6) I punti possibili sono ovviamente molti e ovviamente soggetti alla negoziazione di chi intendesse imbarcarsi in un’operazione del genere. A mio avviso, anche per mantenere il legame con il movimento in atto uno fondamentale dovrebbe essere defalcare le ingenti spese militari programmate (e anche quelle per il ponte) e, in secondo luogo, reindirizzarle verso politiche del lavoro. Abbiamo valenti economisti eterodossi con cui ipotizzare piani di ammodernamento della rete ferroviaria secondaria (pendolari), piani per l’edilizia popolare, riqualificazione del territorio, ecc. Ovviamente scuola e sanità pubbliche, ecc.

7) È qualcosa che non va fatto in astratto o in linea di principio (come le mie chiacchiere), ma concretamente, cifre alla mano su ricaduta occupazionale, effetto volano sull’indotto, ecc. Ci sono delle figure che possono farlo.
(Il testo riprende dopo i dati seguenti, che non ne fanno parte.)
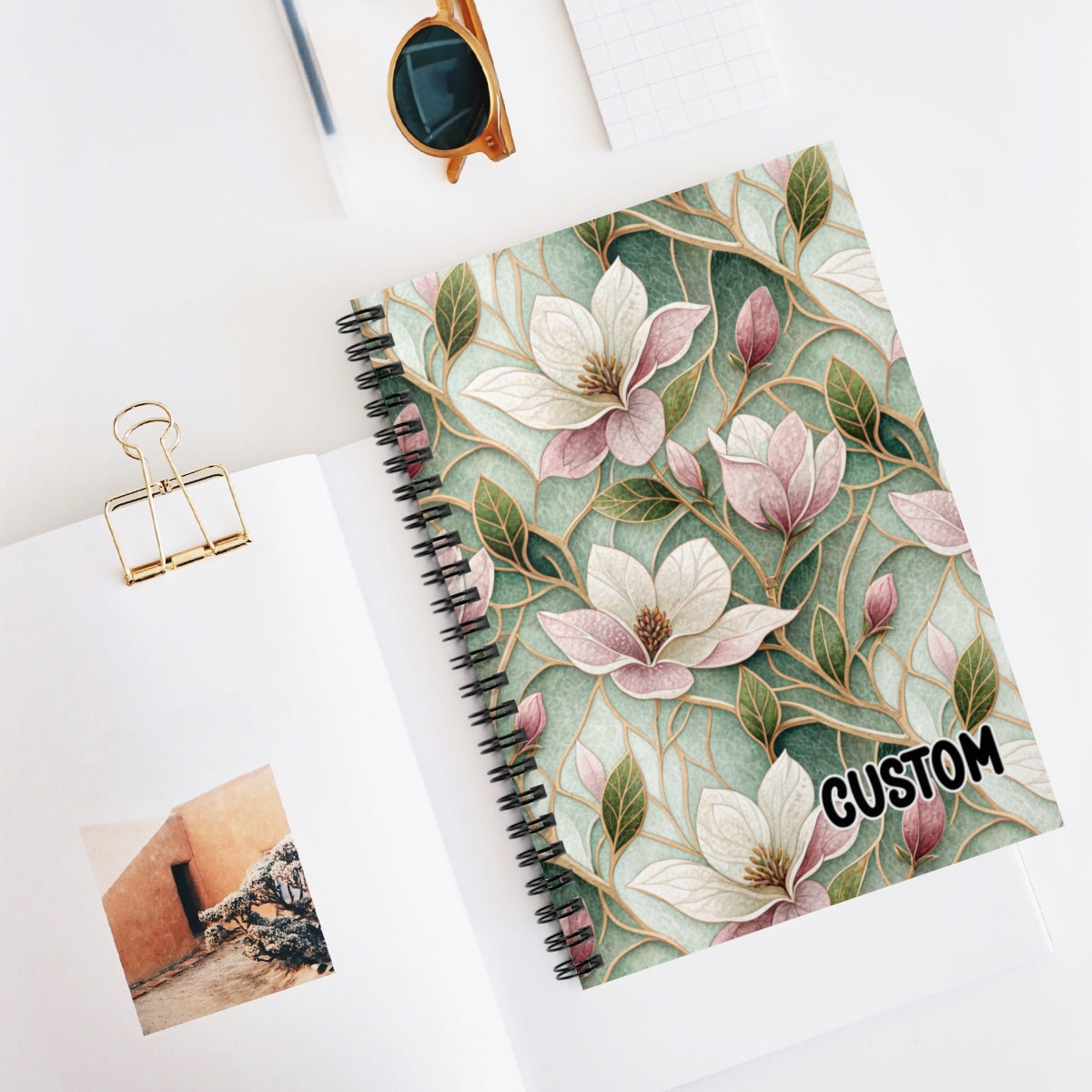 Custom Floral Design Spiral Notebook Perfect for Journals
E, come scrisse Marx alla fine della Critica del programma di Gotha riecheggiando il vecchio Ezechiele 3,19, “dixi et salvavi animam meam”, che, detto da uno che non crede nell’immortalità dell’anima, vuole suonare scherzoso.

 

V. Sognare, ma con gli occhi ben aperti

Il successo dello sciopero e quello della manifestazione di ieri hanno una portata enorme, è un grande segnale di risveglio e di potenziale ripresa. A partire da questo slancio bisogna pensare al dopo da subito nella maniera più razionale possibile, con grandi aspettative ma anche senza cedere alla tentazione dei facili entusiasmi.

Il movimento è infatti estremamente composito e se qualcuno si immagina di fare jackpot a mio avviso si sbaglia di grosso. Soprattutto quando si passerà a proposte concrete di azione che vadano oltre l’indignazione temo fortemente che ci sarà una vera e propria polverizzazione. È questo ciò cui bisognerà essere pronti con un nocciolo duro e con un programma concreto che possa essere appetibile a molti.

Il programma minimo che proponevo in altro post ovviamente non include probabilmente alcuna delle forze attualmente in parlamento (forse con qualche eccezione, ma certo non nei partiti di maggioranza relativa). Il PD in politica estera ed economica non è diverso dalla Meloni, quindi abbandonare la spesa militare per quella sociale non rientra certo nei suoi piani. Soprattutto perché è altrettanto filo atlantista e quindi la prospettiva è opposta. Di conseguenza è anche difficile capire che cosa farà la CGIL nella sua complessa dialettica col PD.

Dunque, non stavo parlando di questo che non rientra nel novero del possibile. Pensavo alla galassia di partiti e correnti che accetterebbero in principio delle politiche anti-guerra e pro politiche sociali che attualmente raccolgono il 2% o anche meno.

Una fetta piccola ma che può rivolgersi a una larghissima maggioranza di non rappresentati (ricordiamoci che nelle Marche ha votato appena il 50%) che forse nella alternativa tra investire in bombe o in sviluppo economico-sociale opterebbe per la seconda.

Altrettanto realisticamente bisogna prendere atto che un’intesa sui “principi ideologici e fondativi” tra queste piccole realtà è adesso semplicemente impossibile e che questo è un elemento solamente divisivo. Si può invece convergere su punti programmatici comuni.

A mio modo di vedere di lì si deve partire. E sui punti programmatici (sviluppo e non guerra), non sulle indigeste ideologie, può convergere anche chi del comunismo non vuole sentir parlare neanche in cartolina.